* DATASET
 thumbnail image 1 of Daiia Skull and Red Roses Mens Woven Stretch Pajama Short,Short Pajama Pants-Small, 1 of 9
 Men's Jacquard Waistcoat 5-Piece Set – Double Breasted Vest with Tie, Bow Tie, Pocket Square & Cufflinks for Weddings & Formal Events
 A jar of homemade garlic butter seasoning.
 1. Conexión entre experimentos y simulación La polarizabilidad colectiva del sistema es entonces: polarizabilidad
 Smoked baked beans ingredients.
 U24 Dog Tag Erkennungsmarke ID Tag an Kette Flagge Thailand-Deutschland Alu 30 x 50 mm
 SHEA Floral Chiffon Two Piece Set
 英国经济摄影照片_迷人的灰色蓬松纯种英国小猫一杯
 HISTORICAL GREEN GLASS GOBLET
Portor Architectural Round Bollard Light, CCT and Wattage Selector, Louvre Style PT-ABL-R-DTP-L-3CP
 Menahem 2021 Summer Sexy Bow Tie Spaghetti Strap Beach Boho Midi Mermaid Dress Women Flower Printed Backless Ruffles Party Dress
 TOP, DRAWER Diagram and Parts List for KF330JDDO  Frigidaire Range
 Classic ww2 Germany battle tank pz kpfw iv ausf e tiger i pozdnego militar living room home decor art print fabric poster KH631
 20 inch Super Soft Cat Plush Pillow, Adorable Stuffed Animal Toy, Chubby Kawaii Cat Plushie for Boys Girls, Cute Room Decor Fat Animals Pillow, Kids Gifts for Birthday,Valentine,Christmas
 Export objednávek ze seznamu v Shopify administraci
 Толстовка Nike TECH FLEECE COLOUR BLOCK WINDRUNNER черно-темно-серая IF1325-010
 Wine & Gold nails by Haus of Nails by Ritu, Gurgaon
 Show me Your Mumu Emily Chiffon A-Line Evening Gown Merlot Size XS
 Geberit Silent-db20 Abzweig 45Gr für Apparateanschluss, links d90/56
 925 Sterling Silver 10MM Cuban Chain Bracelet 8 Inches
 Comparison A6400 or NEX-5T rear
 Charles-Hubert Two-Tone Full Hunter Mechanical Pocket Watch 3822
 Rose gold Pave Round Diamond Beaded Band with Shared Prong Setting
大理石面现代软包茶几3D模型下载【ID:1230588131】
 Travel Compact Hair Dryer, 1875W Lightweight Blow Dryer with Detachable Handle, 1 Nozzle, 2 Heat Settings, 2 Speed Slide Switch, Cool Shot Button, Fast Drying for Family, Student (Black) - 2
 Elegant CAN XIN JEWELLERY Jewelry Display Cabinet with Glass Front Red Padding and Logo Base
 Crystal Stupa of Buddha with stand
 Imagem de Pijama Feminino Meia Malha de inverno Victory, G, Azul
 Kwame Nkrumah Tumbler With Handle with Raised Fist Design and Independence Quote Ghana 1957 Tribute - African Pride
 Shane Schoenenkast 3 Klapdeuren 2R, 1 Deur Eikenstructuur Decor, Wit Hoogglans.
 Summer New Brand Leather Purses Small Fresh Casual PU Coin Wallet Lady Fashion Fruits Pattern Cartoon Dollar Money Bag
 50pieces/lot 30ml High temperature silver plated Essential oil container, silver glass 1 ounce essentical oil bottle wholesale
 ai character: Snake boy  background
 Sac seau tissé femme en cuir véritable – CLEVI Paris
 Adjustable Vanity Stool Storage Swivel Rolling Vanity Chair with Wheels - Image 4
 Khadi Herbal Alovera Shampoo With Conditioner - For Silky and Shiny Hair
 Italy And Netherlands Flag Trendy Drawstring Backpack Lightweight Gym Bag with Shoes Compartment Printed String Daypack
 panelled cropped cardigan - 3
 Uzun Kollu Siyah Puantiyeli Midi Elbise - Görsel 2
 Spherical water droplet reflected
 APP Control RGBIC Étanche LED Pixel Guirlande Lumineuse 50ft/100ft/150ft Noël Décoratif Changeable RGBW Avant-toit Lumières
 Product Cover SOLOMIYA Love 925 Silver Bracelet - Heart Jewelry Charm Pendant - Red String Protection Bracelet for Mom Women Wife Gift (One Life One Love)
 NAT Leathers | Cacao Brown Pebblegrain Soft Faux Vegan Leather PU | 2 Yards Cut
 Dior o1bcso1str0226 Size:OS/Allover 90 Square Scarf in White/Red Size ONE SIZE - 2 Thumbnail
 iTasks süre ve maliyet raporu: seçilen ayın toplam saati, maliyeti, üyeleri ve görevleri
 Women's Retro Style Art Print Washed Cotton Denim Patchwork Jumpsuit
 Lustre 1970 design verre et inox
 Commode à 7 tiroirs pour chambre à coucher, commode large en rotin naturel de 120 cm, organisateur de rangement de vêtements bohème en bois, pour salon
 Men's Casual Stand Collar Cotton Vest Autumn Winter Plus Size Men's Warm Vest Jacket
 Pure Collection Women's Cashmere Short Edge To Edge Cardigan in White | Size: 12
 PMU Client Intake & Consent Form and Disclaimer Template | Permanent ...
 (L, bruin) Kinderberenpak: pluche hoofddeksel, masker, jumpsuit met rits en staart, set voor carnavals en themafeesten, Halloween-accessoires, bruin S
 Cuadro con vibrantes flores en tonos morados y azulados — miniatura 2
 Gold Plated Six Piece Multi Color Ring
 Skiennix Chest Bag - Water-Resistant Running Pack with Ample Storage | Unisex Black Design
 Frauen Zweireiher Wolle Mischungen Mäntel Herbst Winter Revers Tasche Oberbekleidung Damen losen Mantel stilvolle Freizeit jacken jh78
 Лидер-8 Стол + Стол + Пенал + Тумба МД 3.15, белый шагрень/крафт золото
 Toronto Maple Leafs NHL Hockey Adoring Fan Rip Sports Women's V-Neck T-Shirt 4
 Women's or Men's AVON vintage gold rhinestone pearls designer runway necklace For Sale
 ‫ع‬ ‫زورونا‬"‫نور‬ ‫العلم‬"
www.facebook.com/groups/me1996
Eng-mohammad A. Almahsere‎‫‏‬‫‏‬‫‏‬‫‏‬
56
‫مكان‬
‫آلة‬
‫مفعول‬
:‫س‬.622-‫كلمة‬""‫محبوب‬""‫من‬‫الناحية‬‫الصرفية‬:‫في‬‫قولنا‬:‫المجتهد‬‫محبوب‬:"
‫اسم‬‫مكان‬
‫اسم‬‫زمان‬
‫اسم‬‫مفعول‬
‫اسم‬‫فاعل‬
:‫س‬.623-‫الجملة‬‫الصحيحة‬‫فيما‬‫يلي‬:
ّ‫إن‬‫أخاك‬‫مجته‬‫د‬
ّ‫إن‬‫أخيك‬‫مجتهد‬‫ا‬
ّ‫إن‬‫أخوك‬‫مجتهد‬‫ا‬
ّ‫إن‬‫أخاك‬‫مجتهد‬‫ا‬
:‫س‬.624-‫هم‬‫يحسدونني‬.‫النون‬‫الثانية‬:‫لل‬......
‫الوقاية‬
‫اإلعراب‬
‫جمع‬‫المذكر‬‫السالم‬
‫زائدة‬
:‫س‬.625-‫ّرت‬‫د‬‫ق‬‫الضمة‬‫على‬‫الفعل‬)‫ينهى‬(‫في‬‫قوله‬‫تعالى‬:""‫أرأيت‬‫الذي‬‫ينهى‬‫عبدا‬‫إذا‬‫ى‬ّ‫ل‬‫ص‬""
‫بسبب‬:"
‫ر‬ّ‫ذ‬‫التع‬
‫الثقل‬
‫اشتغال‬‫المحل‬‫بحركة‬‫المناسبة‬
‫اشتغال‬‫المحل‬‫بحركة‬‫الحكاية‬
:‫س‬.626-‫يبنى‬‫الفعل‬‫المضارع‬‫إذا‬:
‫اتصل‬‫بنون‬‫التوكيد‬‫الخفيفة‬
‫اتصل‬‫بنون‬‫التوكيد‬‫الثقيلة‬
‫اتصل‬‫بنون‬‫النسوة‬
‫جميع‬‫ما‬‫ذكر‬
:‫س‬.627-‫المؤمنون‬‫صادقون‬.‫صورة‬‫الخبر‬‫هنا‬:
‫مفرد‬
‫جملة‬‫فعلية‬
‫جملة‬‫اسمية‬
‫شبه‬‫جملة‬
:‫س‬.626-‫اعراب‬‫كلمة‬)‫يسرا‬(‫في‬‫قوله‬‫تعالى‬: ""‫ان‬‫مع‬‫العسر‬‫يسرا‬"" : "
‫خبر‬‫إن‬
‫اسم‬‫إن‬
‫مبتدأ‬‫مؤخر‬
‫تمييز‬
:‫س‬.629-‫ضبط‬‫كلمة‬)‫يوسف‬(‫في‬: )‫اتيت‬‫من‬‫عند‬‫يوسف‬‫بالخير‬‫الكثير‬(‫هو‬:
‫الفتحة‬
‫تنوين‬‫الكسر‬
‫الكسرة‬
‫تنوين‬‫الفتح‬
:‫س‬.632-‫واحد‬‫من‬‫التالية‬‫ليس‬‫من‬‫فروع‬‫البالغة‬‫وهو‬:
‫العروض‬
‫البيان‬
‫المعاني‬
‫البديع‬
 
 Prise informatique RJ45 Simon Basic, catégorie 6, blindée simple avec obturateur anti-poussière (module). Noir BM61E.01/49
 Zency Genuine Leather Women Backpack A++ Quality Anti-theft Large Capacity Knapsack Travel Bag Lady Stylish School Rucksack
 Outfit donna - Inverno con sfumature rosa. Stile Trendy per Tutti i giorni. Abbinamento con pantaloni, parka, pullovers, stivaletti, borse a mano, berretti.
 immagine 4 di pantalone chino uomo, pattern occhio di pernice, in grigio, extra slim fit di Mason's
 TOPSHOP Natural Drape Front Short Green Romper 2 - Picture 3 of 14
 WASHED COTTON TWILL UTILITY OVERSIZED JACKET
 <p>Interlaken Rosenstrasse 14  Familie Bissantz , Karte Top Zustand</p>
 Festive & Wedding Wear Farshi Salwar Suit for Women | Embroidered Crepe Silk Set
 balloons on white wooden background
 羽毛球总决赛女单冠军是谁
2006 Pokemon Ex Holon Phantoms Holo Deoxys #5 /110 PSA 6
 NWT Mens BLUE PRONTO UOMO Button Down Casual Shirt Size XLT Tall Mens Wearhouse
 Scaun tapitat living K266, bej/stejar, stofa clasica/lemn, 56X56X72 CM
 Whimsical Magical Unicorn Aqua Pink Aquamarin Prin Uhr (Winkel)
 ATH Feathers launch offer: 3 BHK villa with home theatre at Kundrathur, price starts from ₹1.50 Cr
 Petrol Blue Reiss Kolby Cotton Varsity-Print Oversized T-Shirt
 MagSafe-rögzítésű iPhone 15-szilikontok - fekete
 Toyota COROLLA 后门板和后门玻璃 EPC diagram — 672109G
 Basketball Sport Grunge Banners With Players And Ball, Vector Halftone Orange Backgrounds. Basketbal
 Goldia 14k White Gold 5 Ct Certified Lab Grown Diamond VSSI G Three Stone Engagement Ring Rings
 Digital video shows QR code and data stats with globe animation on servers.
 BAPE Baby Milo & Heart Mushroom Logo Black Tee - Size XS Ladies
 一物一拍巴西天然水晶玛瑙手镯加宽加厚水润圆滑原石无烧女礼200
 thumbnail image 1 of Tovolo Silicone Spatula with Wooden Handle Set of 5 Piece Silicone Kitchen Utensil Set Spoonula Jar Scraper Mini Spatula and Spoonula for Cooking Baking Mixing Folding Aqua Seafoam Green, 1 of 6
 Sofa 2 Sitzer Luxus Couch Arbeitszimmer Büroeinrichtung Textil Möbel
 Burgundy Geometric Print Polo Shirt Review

* ABOUT THIS TASK
Start at the first line of the material and transcribe each line exactly, stopping once the line containing "Crystal Stupa of Buddha with stand" has been written.

* RESPONSE TO THE TASK
 thumbnail image 1 of Daiia Skull and Red Roses Mens Woven Stretch Pajama Short,Short Pajama Pants-Small, 1 of 9
 Men's Jacquard Waistcoat 5-Piece Set – Double Breasted Vest with Tie, Bow Tie, Pocket Square & Cufflinks for Weddings & Formal Events
 A jar of homemade garlic butter seasoning.
 1. Conexión entre experimentos y simulación La polarizabilidad colectiva del sistema es entonces: polarizabilidad
 Smoked baked beans ingredients.
 U24 Dog Tag Erkennungsmarke ID Tag an Kette Flagge Thailand-Deutschland Alu 30 x 50 mm
 SHEA Floral Chiffon Two Piece Set
 英国经济摄影照片_迷人的灰色蓬松纯种英国小猫一杯
 HISTORICAL GREEN GLASS GOBLET
Portor Architectural Round Bollard Light, CCT and Wattage Selector, Louvre Style PT-ABL-R-DTP-L-3CP
 Menahem 2021 Summer Sexy Bow Tie Spaghetti Strap Beach Boho Midi Mermaid Dress Women Flower Printed Backless Ruffles Party Dress
 TOP, DRAWER Diagram and Parts List for KF330JDDO  Frigidaire Range
 Classic ww2 Germany battle tank pz kpfw iv ausf e tiger i pozdnego militar living room home decor art print fabric poster KH631
 20 inch Super Soft Cat Plush Pillow, Adorable Stuffed Animal Toy, Chubby Kawaii Cat Plushie for Boys Girls, Cute Room Decor Fat Animals Pillow, Kids Gifts for Birthday,Valentine,Christmas
 Export objednávek ze seznamu v Shopify administraci
 Толстовка Nike TECH FLEECE COLOUR BLOCK WINDRUNNER черно-темно-серая IF1325-010
 Wine & Gold nails by Haus of Nails by Ritu, Gurgaon
 Show me Your Mumu Emily Chiffon A-Line Evening Gown Merlot Size XS
 Geberit Silent-db20 Abzweig 45Gr für Apparateanschluss, links d90/56
 925 Sterling Silver 10MM Cuban Chain Bracelet 8 Inches
 Comparison A6400 or NEX-5T rear
 Charles-Hubert Two-Tone Full Hunter Mechanical Pocket Watch 3822
 Rose gold Pave Round Diamond Beaded Band with Shared Prong Setting
大理石面现代软包茶几3D模型下载【ID:1230588131】
 Travel Compact Hair Dryer, 1875W Lightweight Blow Dryer with Detachable Handle, 1 Nozzle, 2 Heat Settings, 2 Speed Slide Switch, Cool Shot Button, Fast Drying for Family, Student (Black) - 2
 Elegant CAN XIN JEWELLERY Jewelry Display Cabinet with Glass Front Red Padding and Logo Base
 Crystal Stupa of Buddha with stand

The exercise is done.